Il y a trois ans, une poignée de chanceux acquérait dans l’intimité la première monture de la compilation Sky Girl confectionnée à l’époque par DJ Sundae et Julien Dechery. Tirée à une centaine d’exemplaires et uniquement disponible chez Colette, elle se présentait vierge de toutes indications à la manière d’une mixtape que vous aurait soigneusement confectionnée votre cousin ou votre grand frère. Derrière cette écoute à tâton se cachait une sensibilité sans âge ni époque ou genre qui s’unifiait par la somme des sentiments qu’elle transportait avec elle. New-wave, folk, et americana se télescopaient avec douceur dans un entrelac confidentiel.
Aujourd’hui cet îlot paisible s’ouvre au monde, auréolé d’une nouvelle tracklist et d’une sortie sur Efficient Space, un label australien tenu par Michael Kucyk, homme de radio avec l’émission Noise In My Head. Avec l’appui des deux Français, ce dernier s’est occupé de clearer les quinze morceaux qui habitent la nouvelle monture de cette compilation. A l’arrivée de ce travail de fourmi qui aura pris deux ans, Sky Girl est un modèle de cohérence, construit sur une fine ligne par des artistes confidentiels, pour lesquels il est bien difficile de trouver ne serait-ce qu’un bout d’histoire. Ressuscités le temps d’une chanson, les voilà aujourd’hui inscrit dans un voyage dont on a retracé le déroulé autour d’une bière avec Laurent Richard aka DJ Sundae et Julien Dechery.
Avant de parler de la compil, j’aimerais savoir comment et où vous vous êtes rencontrés ?
DJ Sundae : On s’est rencontrés à une soirée.
Julien Dechery : Oui, tu jouais avec Benjamin Vidal de la compil Disco Sympathie.
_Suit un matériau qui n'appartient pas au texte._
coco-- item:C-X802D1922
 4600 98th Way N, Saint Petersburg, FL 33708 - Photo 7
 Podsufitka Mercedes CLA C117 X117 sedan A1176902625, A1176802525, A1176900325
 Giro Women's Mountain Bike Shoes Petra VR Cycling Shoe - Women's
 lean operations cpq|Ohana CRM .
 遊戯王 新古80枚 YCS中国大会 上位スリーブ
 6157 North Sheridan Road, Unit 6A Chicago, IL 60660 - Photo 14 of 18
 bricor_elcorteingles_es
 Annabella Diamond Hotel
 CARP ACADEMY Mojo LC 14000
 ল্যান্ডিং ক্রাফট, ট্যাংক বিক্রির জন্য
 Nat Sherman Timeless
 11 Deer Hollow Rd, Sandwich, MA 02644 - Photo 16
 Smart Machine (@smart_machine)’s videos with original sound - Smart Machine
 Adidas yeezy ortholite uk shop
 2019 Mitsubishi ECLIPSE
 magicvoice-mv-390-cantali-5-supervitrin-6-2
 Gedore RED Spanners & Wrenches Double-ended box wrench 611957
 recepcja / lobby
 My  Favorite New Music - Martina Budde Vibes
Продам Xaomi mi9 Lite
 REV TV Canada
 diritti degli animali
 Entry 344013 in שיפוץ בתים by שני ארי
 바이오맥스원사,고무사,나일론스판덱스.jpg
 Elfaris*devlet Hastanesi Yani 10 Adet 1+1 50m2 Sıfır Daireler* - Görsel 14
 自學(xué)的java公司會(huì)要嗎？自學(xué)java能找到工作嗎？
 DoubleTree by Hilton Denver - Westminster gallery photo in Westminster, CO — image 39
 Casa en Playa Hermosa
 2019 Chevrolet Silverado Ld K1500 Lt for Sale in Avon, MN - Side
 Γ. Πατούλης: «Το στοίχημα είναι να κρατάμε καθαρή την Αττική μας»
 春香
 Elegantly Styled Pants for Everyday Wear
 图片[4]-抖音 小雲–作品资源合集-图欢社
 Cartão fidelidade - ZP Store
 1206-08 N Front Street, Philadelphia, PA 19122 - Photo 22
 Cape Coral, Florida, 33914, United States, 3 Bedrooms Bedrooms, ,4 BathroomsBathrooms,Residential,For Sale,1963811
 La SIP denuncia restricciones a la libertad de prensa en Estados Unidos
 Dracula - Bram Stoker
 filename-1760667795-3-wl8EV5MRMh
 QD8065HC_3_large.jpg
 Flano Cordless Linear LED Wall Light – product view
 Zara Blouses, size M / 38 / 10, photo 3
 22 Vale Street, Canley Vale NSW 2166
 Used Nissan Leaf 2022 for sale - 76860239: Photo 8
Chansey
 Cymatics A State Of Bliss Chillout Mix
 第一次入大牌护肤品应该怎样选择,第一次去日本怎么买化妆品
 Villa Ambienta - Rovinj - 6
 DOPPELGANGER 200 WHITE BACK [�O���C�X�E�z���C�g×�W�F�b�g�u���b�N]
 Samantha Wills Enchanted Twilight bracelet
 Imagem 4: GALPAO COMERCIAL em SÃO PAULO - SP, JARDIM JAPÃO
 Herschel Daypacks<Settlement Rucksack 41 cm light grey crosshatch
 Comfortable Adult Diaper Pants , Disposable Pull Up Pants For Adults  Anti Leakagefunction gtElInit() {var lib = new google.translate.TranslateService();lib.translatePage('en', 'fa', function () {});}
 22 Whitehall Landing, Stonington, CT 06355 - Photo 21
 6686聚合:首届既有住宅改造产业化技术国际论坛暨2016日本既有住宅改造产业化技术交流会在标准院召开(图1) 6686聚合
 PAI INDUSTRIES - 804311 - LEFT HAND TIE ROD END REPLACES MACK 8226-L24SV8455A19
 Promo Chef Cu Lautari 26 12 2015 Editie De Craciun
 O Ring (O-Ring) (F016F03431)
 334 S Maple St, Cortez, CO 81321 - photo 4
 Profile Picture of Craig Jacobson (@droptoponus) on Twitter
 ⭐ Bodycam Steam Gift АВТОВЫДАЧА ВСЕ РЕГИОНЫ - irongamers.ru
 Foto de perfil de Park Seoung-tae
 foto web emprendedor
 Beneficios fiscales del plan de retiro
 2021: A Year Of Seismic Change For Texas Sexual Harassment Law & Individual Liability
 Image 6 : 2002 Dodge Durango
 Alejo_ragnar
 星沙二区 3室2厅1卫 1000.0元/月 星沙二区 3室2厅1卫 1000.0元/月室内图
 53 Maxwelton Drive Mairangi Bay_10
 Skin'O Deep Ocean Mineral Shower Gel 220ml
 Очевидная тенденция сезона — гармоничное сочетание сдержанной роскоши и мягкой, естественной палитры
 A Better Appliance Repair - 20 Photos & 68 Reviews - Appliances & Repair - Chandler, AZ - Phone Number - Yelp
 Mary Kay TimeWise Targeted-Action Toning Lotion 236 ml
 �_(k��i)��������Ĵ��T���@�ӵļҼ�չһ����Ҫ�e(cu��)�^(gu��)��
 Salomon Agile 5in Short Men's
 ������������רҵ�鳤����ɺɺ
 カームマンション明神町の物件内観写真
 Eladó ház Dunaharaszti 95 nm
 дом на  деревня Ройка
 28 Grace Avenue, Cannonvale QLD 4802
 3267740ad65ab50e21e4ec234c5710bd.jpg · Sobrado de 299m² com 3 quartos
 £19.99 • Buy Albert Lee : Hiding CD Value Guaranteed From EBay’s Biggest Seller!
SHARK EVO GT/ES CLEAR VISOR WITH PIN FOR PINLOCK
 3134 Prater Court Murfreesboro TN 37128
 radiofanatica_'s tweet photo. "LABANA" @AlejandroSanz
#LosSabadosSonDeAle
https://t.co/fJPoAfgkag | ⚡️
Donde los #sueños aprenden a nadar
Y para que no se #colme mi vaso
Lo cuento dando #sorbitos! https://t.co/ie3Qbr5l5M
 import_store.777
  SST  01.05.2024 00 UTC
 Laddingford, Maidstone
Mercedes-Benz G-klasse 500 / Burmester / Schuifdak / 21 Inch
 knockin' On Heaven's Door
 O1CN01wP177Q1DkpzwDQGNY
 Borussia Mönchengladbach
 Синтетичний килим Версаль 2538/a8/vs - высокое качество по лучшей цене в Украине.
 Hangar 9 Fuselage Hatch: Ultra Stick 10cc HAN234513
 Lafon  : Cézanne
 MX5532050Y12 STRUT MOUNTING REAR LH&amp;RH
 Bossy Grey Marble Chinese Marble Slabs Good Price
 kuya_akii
Je connaissais Laurent de réputation parce qu’il postait pour Alain Finkelkrautrock, et je trouvais que ses posts étaient les plus cool et les plus raccords avec mes goûts musicaux.
DJ : On s’est vite entendus sur des morceaux ricains pas très connus. On a à la base une culture un peu soul, funk, jazz, et après on a dévié sur des trucs plus new wave, private press. Il y a assez peu de gens à Paris qui étaient dans ce délire là, et Julien avait suivi ce cheminement.
J : Oui, dans mon entourage j’avais des gens qui avaient une culture club, et de l’autre côté, plus rock psyché. Quand on s’est rencontrés on s’est intéressés à certains disques de folk, on avait eu un peu le déclic sur la même interview d’un vendeur de disques dans Wax Poetics.
Dj : C’était un vendeur de disques qui avait fait une sélection assez dingue, c’était rigolo qu’on s’entende là-dessus. Tous les gens que j’ai rencontrés étaient dans ce délire italo, cosmic mais pas vraiment dans des trucs plus posés, d’écoute.
J : Maintenant c’est bien à la mode, mais à l’époque on ne rencontrait personne qui avait les mêmes goûts.
Du coup, c’est de là que vous est venue l’idée de cette compilation ?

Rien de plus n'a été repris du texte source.